Press "Enter" to skip to content

Madagascar’s mysterious, lemur-eating cats started as ship stowaways

A camera trap caught this image of a Madagascar forest cat on its home turf.

Julie Pomerantz and Luke Dollar

By Joshua Sokol

On the trail floor that day in 2009 lay the sprawled body of a white-furred sifaka, a kind of lemur. “I touched the bottom of his foot,” said Michelle Sauther, a biological anthropologist at the University of Colorado, Boulder. “It was still warm.” Then she heard a rustle. Looking up, she caught a glimpse of a tiger-striped feline dissolving back into the forest—one of Madagascar’s “forest cats.”

Cats didn’t evolve on the island, and the history of these elusive felines—twice the size of house cats—has long been a mystery. Now, researchers have revealed the cats’ origin story: They descend from domestic kitties that hopped off Arabian trading ships perhaps more than 1000 years ago. By pinpointing them as a separate population that has spent centuries adapting to Madagascar, the work may offer a first step toward limiting the toll these relentless hunters take on the island’s rich biodiversity.
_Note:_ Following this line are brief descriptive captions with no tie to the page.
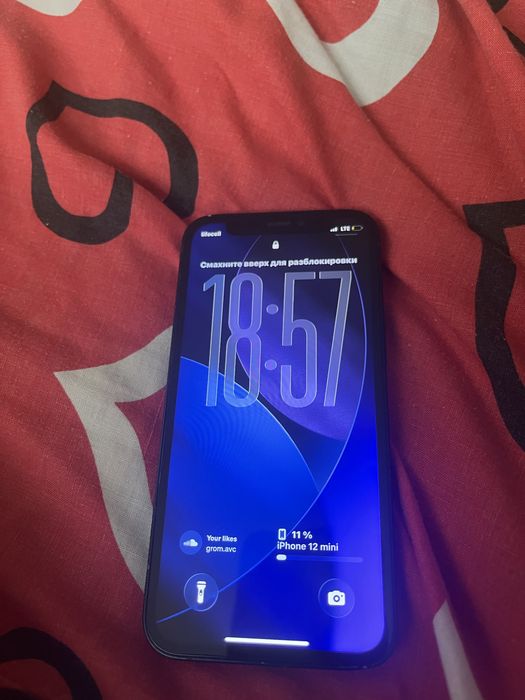 iphone 12 mini.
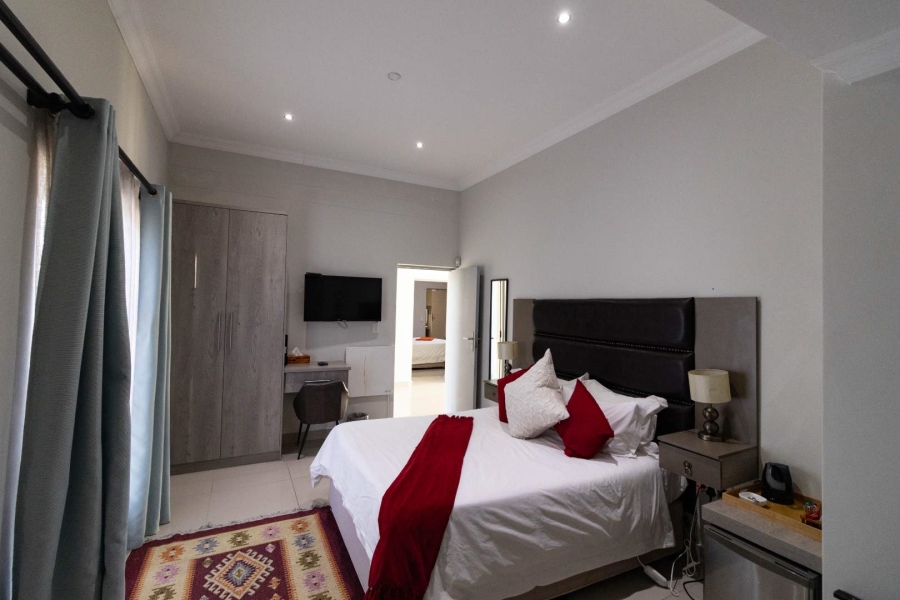 7 Bedroom Property for Sale in Sandbaai Western Cape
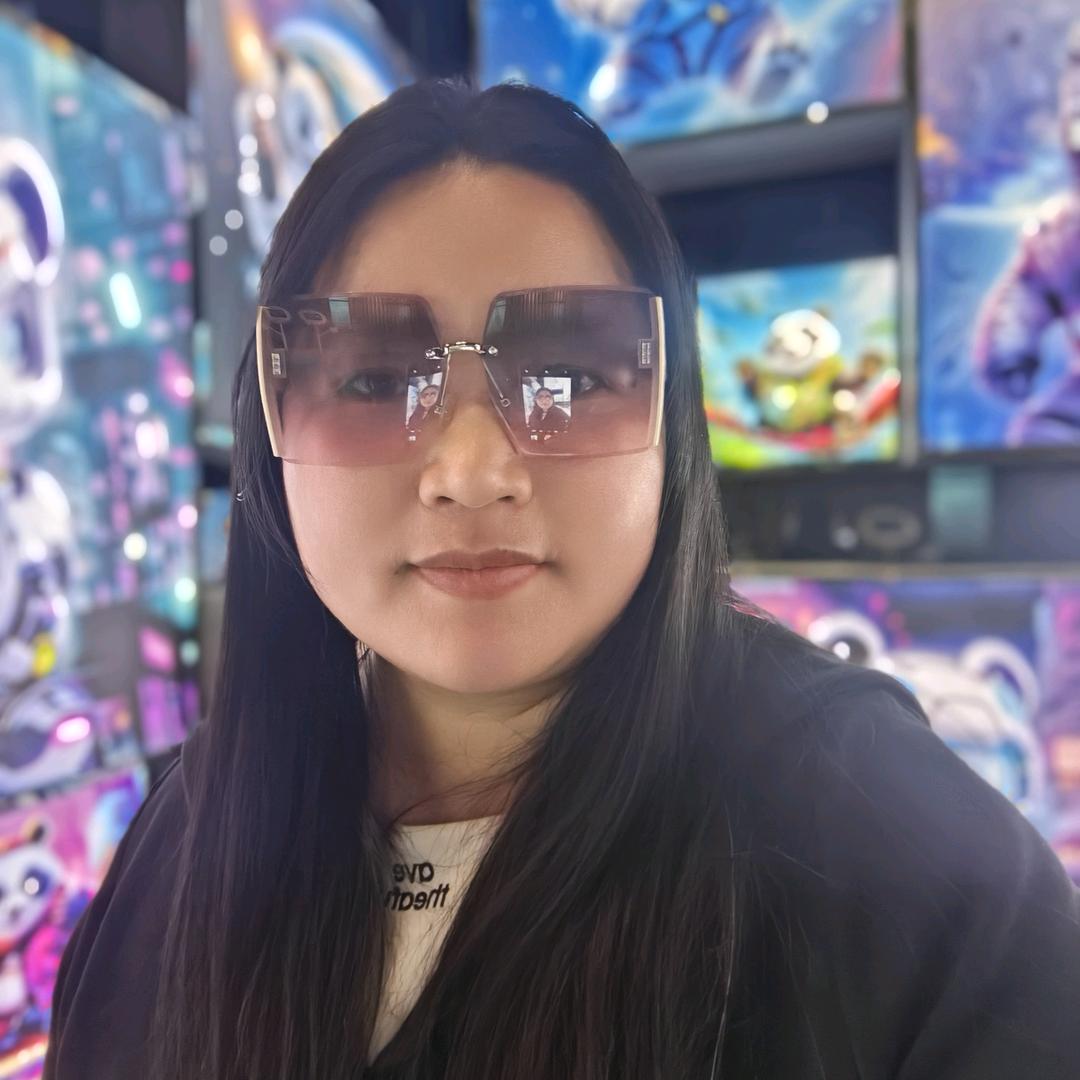 杨 洋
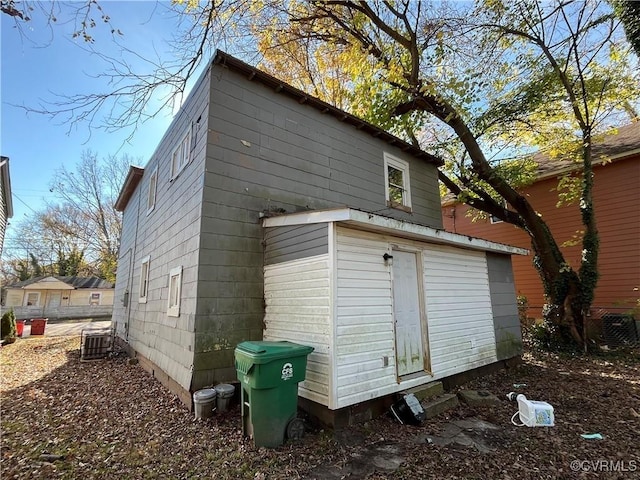 view of outdoor structure with central AC unit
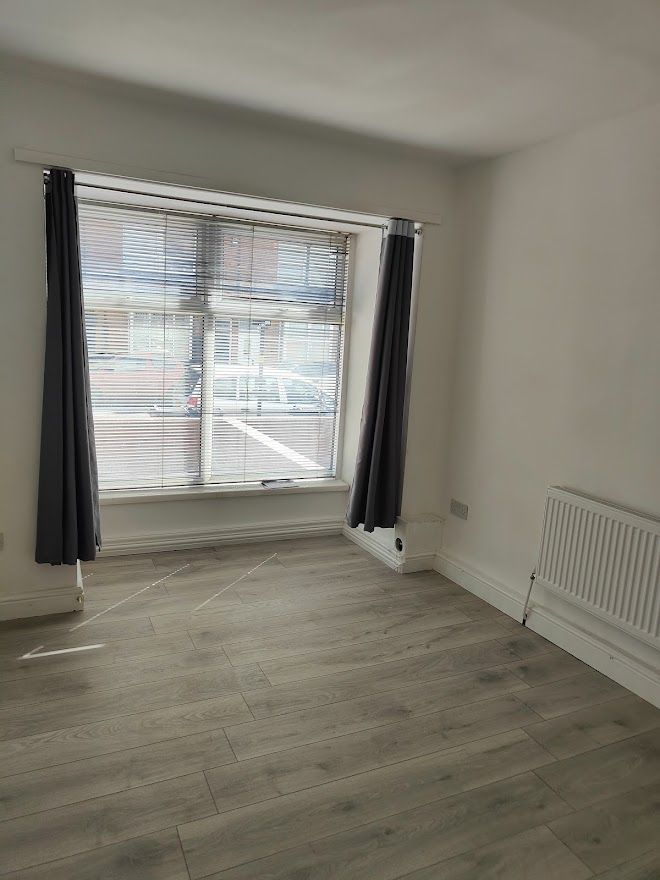 U.C. Welcome Luxury Flats / Rooms Available Are you on benefits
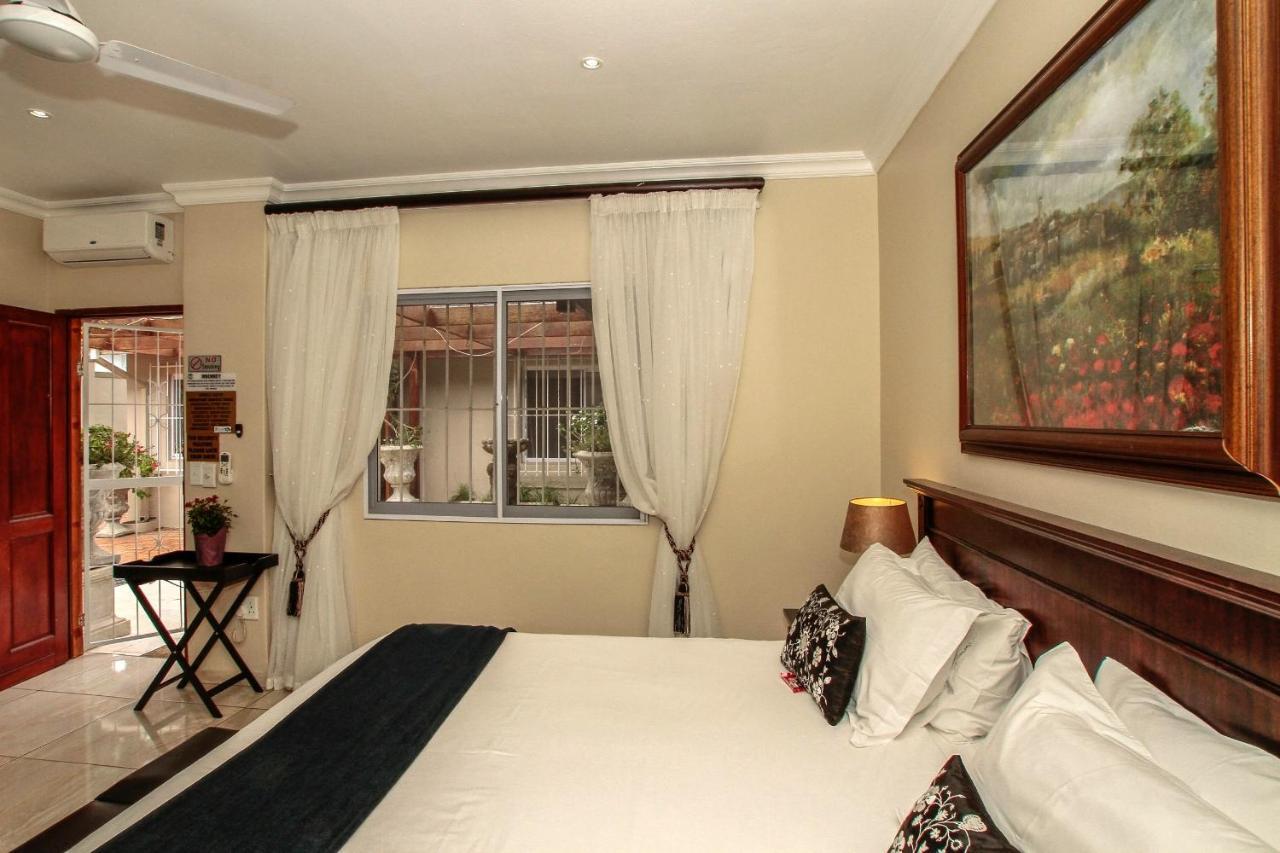 דורבן Chartwell Guest House מראה חיצוני תמונה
With males averaging more than 0.6 meters long, the forest cats have striped tabby coats, straight tails, and a voracious appetite for native birds, snakes, rodents, and lemurs. They also compete with endemic carnivores like mongooses, said Zachary Farris, a biologist at Appalachian State University who was unaffiliated with the research team.

The felines could be the feral descendants of the domestic cat Felis catus brought to the island several hundred years ago by Europeans; if so, controlling domestic village cats might limit the population in the forest. Or they might be descendants of small wildcats “that had somehow gotten over here from mainland Africa,” Sauther says.

But Sauther’s team uncovered a different story when it sampled DNA from the blood of forest cats trapped using live mice or beef parts as bait. Leslie Lyons, an expert in cat genomics at the University of Missouri, Columbia, helped compare the forest cat genomes with those of cats around the world. The closest match: domestics from Arabian Sea locales such as Kuwait and Oman, the researchers reported at the end of February in the journal Conservation Genetics. Like other domestic cats that went wild, including Maine coons and feral cats in Australia, the Middle Eastern cats swelled in size in their new home, Lyons notes.

The Arabian origin “makes sense,” said Asia Murphy, a Ph.D. student at Pennsylvania State University, University Park, who studies the fossa, an endemic carnivore that competes with forest cats. “Madagascar is a pretty special place when it comes to cultural mixing.”

Linguistic and cultural evidence attests to Arabic influence on the island, linked to Indian Ocean trade routes that stretched from Arabian ports to Madagascar starting in the second millennium B.C.E. Cats employed as mousers on those ships could have deserted at port.

Another invasive species supports that scenario. Arabian ships also transported Indian civets to the island around 900 C.E. for the oil produced in their anal glands, which was used in perfumes. “Boats transporting civets [likely] were also carrying cats,” Farris said.

More genomics work could tighten the timeline of when the cats arrived or tell the story of another forest cat variety, called the fitoaty, that researchers haven’t yet sampled. And knowing the cats aren’t just recent runaways suggests trapping in the forest, rather than simply neutering village cats, might be the quickest way to control them, Murphy said.

For Lyons, this record of Arabian Sea cats sailing to Madagascar adds to the global story of cat dispersal. “People think about dogs all the time,” she says, “but the cat has been a very silent partner in our migration.”